A team from the Georgia Tech Research Institute (GTRI) took second place in the Defense Advanced Research Projects Agency’s (DARPA) Spectrum Challenge. Bob Baxley, Andy Henshaw, Ethan Trewhitt, and Sean Nowlan prepared GTRI’s entry in and attended the competition at DARPA.
The Spectrum Challenge allowed teams to cooperatively share and competitively compete for established radio bandwidth, utilizing innovative and adaptive software techniques to sense and adapt to both congested and contested electromagnetic environments.
“The Spectrum Challenge consisted of two components—cooperative and competitive,” said GTRI researcher and team leader Bob Baxley. “The cooperative tournament happened in conjunction with three other teams, where each team had to get their packets across the link while allowing others to transmit.”
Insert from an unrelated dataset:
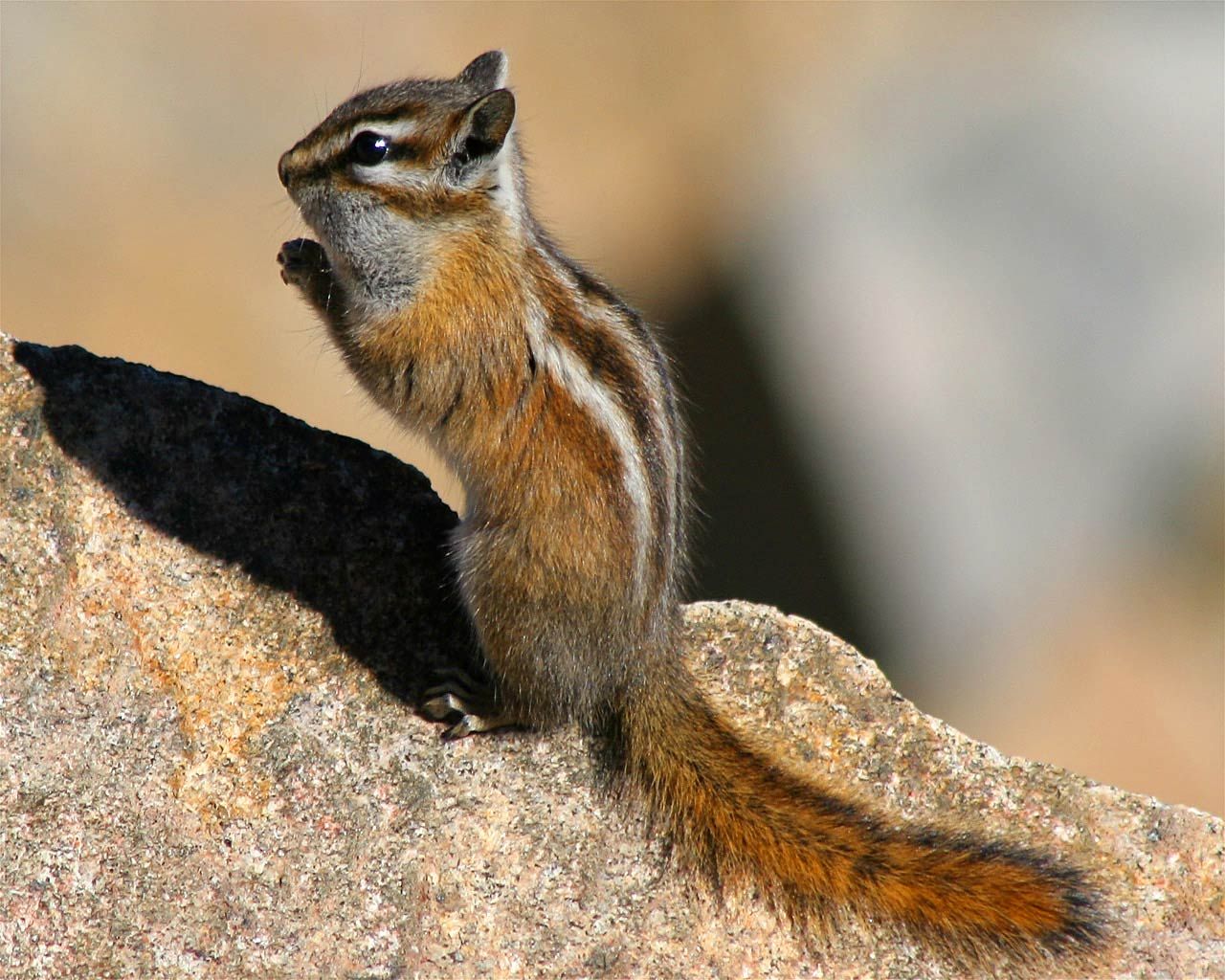 free Chipmunk wallpaper wallpaper download. Animals, Chipmunks, North american animals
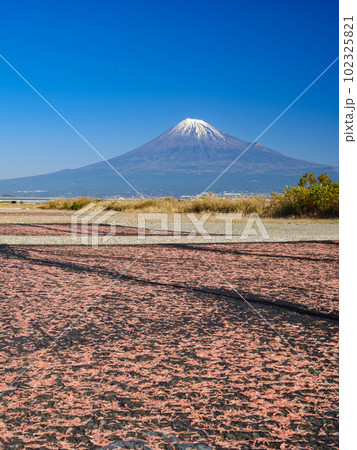 静岡_桜えびと富士山の絶景（富士川緑地公園） 102325821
During the competitive component, Baxley said, teams worked to interfere with others’ transmissions, while trying to get the most packets across the link. “In this component, the goal was to jam your opponents efficiently,” he said.
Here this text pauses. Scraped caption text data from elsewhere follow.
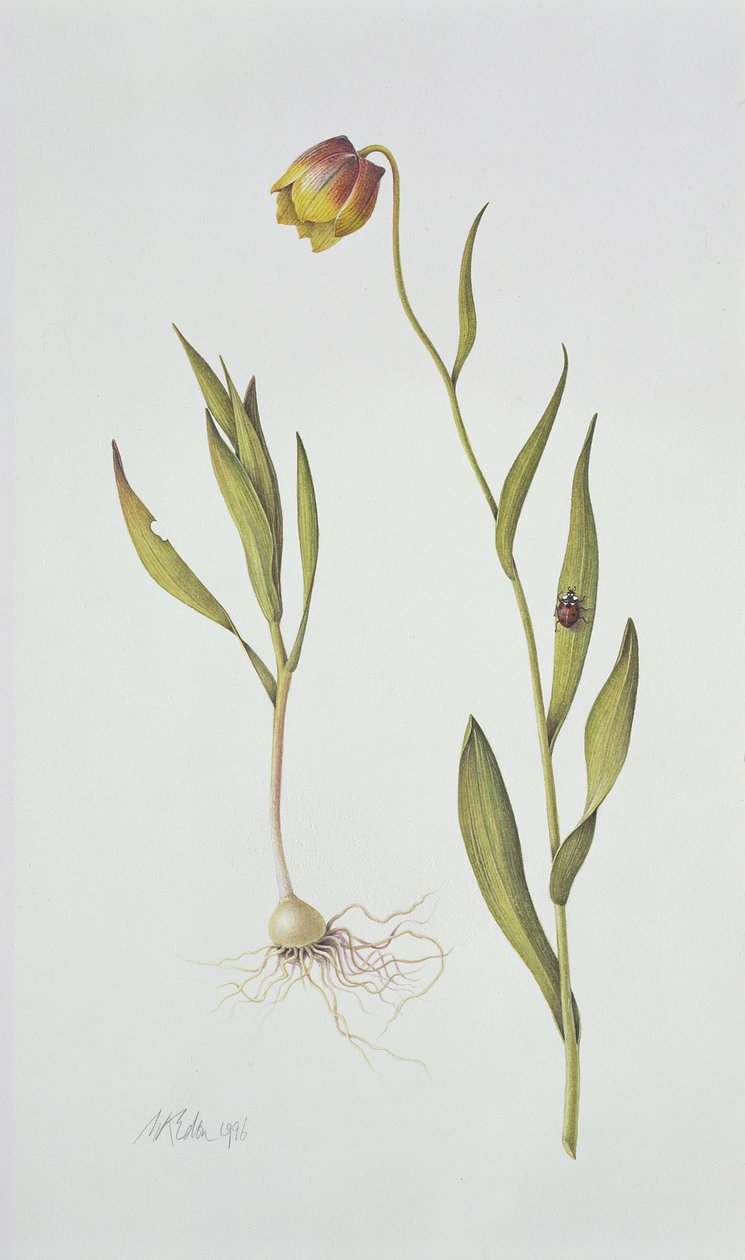 Fritillaria Michailovsky, 1996 door Margaret Ann Eden
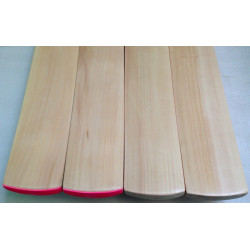 Custom Made English Willow Cricket Bat with Cover | ARMORSHOPUSA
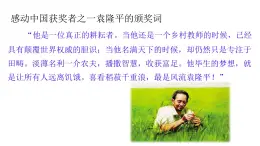 高中語文人教統(tǒng)編版必修 上冊第二單元4.1 喜看稻菽千重浪――記首屆國家最高科技獎獲得者袁隆平 課件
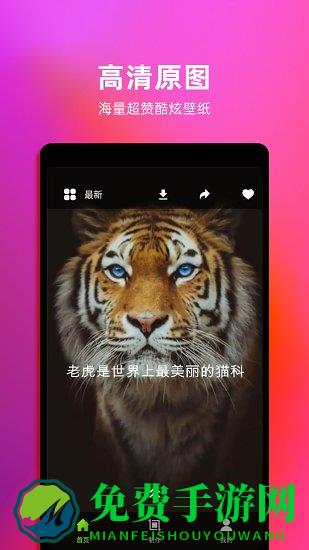 live动态壁纸app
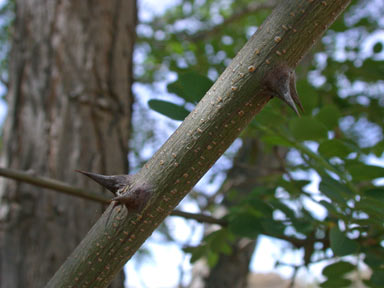 APII jpeg image of Robinia pseudoacacia  © contact APII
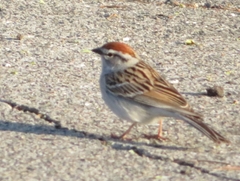 Spizella passerina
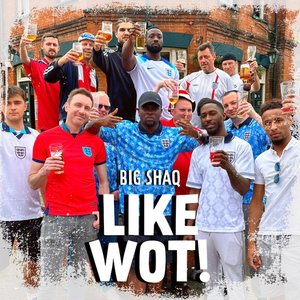 Like Wot! - Single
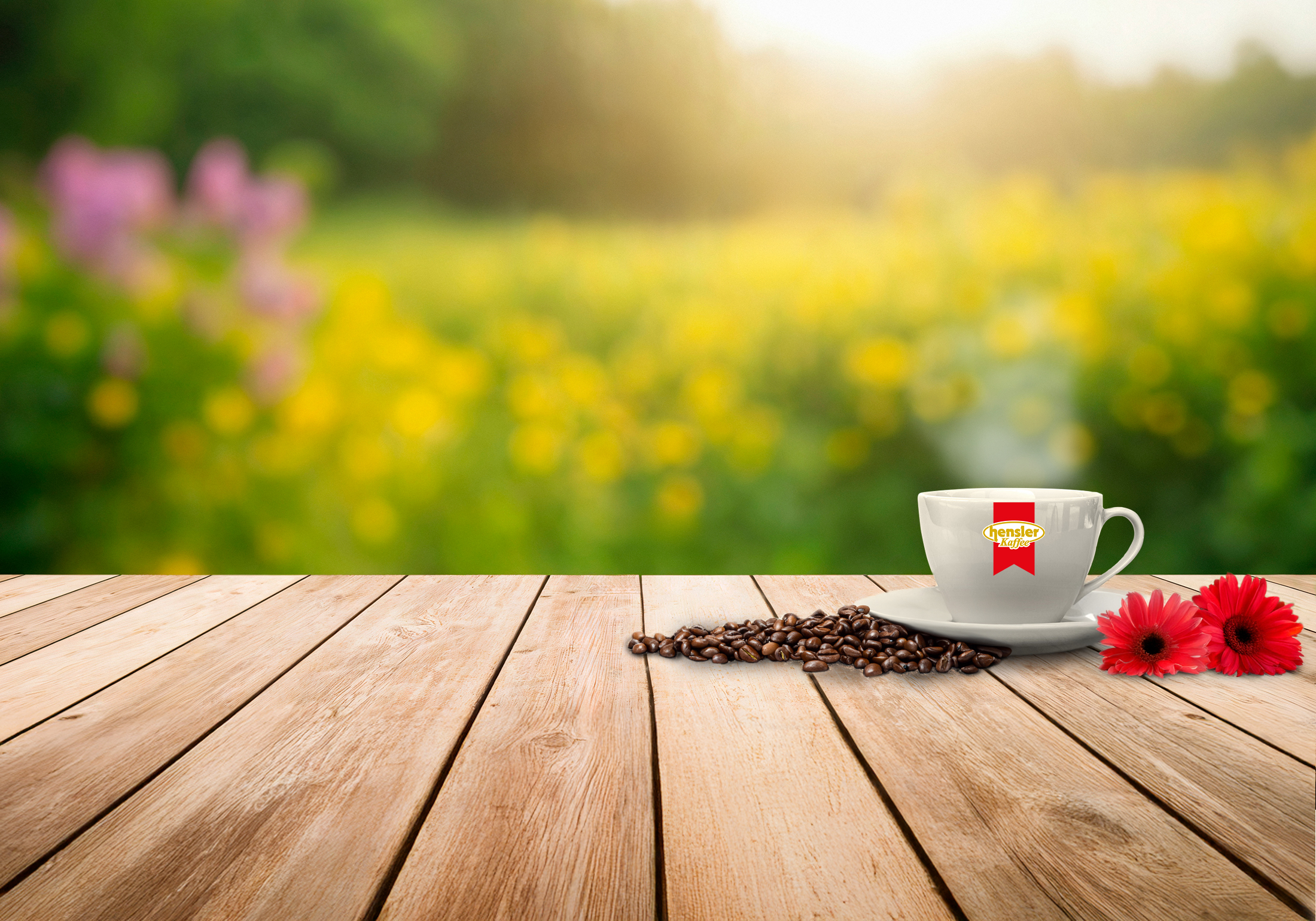 Header_Hensler_Header_2200x1540px_summer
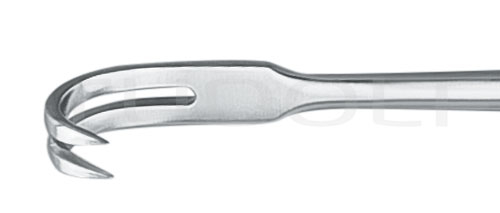 RU 4506-02 / Retractor Kocher, Sharp, 2 Prongs 22,5 cm
/8 3/4"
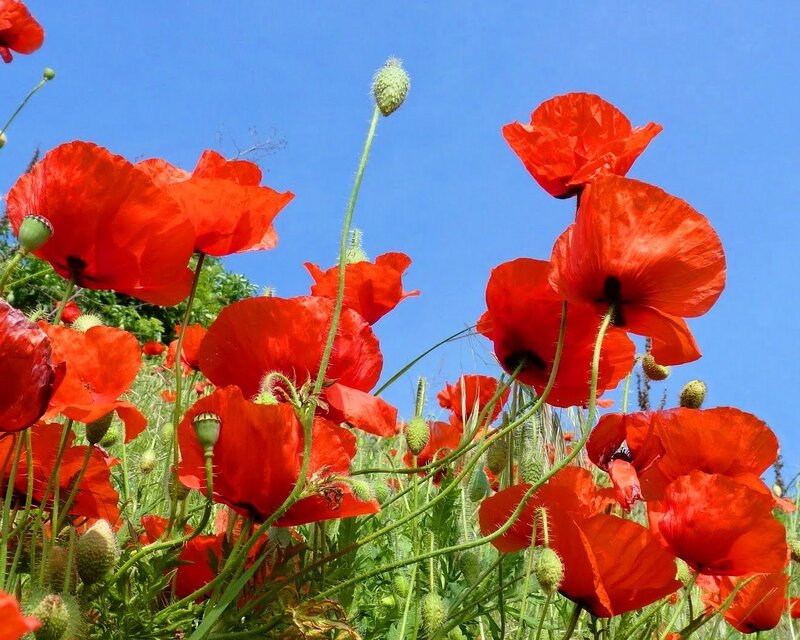 Red Poppy Flowers — Bright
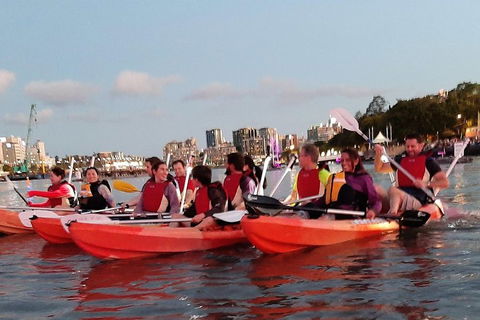 Brisbane River Guided Evening Tour By Kayak - Our Most Popular Tour - Accommodation Broome 0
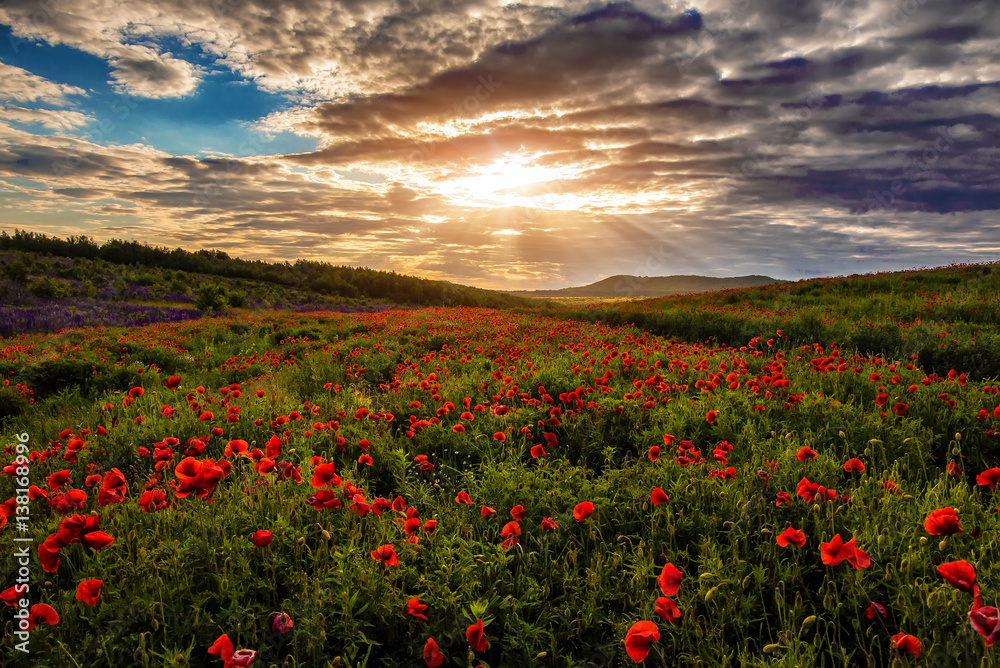 Fantastic evening with flowering hills in the warm sunlight in the twilight. dramatic sky. beautiful morning scene. wonderful blooming field of poppies. soft selective focus. creative image.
GTRI took second place in the competitive component, winning $25,000. Together with Tennessee Technological University and an independent team, GTRI was one of three prize winners in the final competition, in which DARPA awarded $150,000 of prize money.
DARPA initiated the challenge more than a year ago, with 90 teams registering from around the world. The task at hand: Demonstrate a radio protocol and adaptive waveform that can best use an established communication channel with both other users and intentional interfering signals present.
Over the last year, various qualification events led 15 teams from the initial 90 registrants to qualify for the finals, which were held March 19 and 20, 2014. Teams submitted software images of their designs prior to the competition after remotely connecting to a radio testbed at Rutgers University to test their designs between the preliminary and final events, and then gathered at the DARPA Conference Center in Arlington, Va., for the final events.
Although GTRI team members were thrilled with performance in the competitive finals, they felt going in that the cooperative finals might best show off the performance of their design. “It’s funny, because we actually felt we were stronger in the cooperative component,” Baxley said. Three main objectives comprised this challenge, he said. “Get your files through, get your teammates’ files through and then get off the line. We were one of the only teams to get all our packets through in every match.”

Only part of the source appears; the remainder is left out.